Two years of GA4

This month marks two years since GA4 became the default when setting up a new Google Analytics property. Whilst there have been early adopters – ourselves included – keen to get to grips with a new interface and data collection model, it was the further announcement in March this year, that Universal Analytics would be sunsetting on July 1st, 2023, that kicked things into gear for many. 

In the same period, however, we’ve seen a sea change in the development and support of wider tech stacks with the sales and marketing teams we work with. The focus has been on warehousing and transforming data from multiple sources and using BI tools to decrease time to insights and create new measurements. It’s understandable that some of the differences and nuances between versions may be tricky to engage with, given the propensity has been to select key dimensions and metrics then visualise and join with other data sets outside of Google Analytics. Making sure all event tracking and configuration settings are in a state to move you neatly away from Universal Analytics is a promising start, but it’s highly unlikely to be a done deal in this wider framework. 

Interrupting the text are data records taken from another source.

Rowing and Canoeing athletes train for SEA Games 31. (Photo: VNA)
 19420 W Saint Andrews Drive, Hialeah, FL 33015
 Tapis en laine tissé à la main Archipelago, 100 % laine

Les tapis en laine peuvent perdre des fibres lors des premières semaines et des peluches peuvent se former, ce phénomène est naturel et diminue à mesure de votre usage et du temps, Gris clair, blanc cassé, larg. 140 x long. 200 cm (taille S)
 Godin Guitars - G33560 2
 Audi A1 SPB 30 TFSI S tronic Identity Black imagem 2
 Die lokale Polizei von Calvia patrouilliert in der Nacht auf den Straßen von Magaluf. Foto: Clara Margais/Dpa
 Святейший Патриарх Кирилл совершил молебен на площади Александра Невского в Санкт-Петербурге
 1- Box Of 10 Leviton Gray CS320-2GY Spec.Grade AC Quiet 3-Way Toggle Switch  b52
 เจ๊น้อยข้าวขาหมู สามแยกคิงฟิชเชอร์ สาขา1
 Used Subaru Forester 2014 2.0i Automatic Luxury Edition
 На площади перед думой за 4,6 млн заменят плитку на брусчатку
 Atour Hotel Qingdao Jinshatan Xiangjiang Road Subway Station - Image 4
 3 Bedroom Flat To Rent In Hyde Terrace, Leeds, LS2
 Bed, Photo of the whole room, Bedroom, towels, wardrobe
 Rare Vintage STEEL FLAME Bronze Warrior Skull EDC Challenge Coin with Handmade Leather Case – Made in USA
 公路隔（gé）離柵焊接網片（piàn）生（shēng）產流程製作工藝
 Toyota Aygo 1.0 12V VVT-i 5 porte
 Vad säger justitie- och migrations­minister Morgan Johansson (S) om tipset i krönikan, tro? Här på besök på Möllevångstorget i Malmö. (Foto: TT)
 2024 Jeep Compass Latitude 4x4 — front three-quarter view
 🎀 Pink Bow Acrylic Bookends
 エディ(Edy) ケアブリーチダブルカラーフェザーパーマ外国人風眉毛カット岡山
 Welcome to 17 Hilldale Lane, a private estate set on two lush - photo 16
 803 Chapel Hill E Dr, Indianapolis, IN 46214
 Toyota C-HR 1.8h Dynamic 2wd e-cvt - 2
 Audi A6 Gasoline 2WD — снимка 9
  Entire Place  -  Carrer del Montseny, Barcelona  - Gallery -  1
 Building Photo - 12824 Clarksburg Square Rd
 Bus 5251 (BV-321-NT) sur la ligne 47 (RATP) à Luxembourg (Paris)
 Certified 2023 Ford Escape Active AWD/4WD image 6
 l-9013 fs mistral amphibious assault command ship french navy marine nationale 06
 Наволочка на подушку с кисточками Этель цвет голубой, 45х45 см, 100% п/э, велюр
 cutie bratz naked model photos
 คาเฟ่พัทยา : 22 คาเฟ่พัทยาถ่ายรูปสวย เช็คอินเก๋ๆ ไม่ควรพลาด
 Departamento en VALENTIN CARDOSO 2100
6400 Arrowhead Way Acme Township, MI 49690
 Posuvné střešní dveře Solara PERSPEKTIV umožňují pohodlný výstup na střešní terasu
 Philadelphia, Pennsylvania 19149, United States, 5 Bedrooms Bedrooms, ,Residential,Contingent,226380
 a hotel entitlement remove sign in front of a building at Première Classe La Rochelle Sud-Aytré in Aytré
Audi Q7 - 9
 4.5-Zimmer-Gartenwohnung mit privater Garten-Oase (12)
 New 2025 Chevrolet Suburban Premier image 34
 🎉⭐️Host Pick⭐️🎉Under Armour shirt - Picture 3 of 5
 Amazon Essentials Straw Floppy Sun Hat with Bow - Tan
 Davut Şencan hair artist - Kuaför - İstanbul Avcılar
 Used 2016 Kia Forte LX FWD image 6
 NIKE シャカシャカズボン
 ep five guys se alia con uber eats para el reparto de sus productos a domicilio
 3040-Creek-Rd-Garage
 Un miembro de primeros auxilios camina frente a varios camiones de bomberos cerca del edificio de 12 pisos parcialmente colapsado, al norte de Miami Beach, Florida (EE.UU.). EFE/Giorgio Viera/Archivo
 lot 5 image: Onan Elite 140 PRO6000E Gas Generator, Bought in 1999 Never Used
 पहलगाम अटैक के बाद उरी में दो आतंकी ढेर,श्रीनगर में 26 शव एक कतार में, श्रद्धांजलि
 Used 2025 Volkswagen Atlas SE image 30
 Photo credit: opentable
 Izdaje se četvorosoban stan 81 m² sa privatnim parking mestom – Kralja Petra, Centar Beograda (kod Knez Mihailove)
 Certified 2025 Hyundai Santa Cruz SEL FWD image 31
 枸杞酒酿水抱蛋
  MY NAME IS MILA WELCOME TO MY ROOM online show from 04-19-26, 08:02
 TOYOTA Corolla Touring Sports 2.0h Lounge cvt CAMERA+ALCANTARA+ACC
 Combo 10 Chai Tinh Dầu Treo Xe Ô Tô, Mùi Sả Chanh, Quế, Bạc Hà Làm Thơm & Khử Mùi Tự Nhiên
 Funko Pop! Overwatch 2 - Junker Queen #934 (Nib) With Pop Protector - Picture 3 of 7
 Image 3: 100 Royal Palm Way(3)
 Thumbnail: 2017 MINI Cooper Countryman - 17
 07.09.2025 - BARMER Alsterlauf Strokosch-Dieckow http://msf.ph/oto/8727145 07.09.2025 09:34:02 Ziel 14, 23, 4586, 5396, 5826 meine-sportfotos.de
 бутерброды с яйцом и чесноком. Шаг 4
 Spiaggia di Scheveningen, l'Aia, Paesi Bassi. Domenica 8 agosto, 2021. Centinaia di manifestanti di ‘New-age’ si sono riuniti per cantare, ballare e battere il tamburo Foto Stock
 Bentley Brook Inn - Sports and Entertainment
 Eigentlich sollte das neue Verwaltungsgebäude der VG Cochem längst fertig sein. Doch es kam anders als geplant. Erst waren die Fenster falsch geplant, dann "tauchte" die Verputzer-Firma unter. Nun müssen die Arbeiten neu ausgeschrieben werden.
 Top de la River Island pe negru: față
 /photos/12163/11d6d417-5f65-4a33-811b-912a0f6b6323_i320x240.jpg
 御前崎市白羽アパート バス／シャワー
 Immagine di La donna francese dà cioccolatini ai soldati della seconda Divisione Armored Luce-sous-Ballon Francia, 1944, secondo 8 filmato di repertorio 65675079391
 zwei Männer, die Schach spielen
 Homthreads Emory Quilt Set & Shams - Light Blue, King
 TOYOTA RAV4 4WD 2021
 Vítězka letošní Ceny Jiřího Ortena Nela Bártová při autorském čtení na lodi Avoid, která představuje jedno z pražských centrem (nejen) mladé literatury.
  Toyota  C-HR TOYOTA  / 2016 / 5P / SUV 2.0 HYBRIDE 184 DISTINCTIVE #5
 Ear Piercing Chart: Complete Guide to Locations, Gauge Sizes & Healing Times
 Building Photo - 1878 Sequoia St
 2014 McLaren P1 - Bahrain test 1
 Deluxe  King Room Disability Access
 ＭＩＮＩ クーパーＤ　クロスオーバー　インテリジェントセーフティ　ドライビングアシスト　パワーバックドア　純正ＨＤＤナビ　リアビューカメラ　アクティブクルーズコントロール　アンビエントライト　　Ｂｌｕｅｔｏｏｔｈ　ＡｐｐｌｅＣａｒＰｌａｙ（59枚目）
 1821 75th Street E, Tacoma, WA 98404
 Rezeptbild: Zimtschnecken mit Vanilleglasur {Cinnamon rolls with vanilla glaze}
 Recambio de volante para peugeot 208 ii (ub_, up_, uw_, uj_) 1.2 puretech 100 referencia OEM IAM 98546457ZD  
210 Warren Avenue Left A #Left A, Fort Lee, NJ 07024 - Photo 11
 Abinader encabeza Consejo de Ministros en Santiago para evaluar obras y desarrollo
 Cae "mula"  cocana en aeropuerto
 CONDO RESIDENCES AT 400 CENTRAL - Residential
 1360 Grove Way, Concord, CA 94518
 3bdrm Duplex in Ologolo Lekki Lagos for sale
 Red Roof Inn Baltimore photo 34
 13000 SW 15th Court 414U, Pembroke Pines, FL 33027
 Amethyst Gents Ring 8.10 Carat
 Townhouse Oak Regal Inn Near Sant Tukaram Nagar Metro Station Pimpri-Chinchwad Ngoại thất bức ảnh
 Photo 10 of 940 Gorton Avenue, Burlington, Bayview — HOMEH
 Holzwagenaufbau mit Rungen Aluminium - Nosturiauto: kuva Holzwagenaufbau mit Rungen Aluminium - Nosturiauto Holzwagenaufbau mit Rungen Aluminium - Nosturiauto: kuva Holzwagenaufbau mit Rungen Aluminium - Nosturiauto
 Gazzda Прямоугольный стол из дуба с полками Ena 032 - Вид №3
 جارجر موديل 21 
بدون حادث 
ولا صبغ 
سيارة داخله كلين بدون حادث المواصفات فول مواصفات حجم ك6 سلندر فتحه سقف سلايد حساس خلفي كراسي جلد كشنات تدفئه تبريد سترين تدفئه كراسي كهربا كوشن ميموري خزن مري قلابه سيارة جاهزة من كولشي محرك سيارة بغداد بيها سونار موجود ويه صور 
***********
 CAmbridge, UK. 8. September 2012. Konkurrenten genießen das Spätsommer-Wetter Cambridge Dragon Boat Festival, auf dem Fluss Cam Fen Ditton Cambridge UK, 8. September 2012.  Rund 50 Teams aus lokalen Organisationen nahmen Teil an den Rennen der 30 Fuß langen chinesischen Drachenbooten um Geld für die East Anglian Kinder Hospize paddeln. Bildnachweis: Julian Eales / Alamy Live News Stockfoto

Consider data warehousing and wider reporting 

Storing Universal Analytics data before losing access at some point after 2023 is something to be considered. Are you already connecting data to a warehouse solution and if so, what dimensions and metrics do your teams need access to and where is it being accessed and analysed?  

GA4 itself will only keep data for use in explorations that are used for custom report creation for 2 months by default – this can be increased to 14 months however with a setting change that is important not to miss. Custom reports will be crucial in the new interface for some to surface and segment results in a way that makes them more understandable than the default offering.  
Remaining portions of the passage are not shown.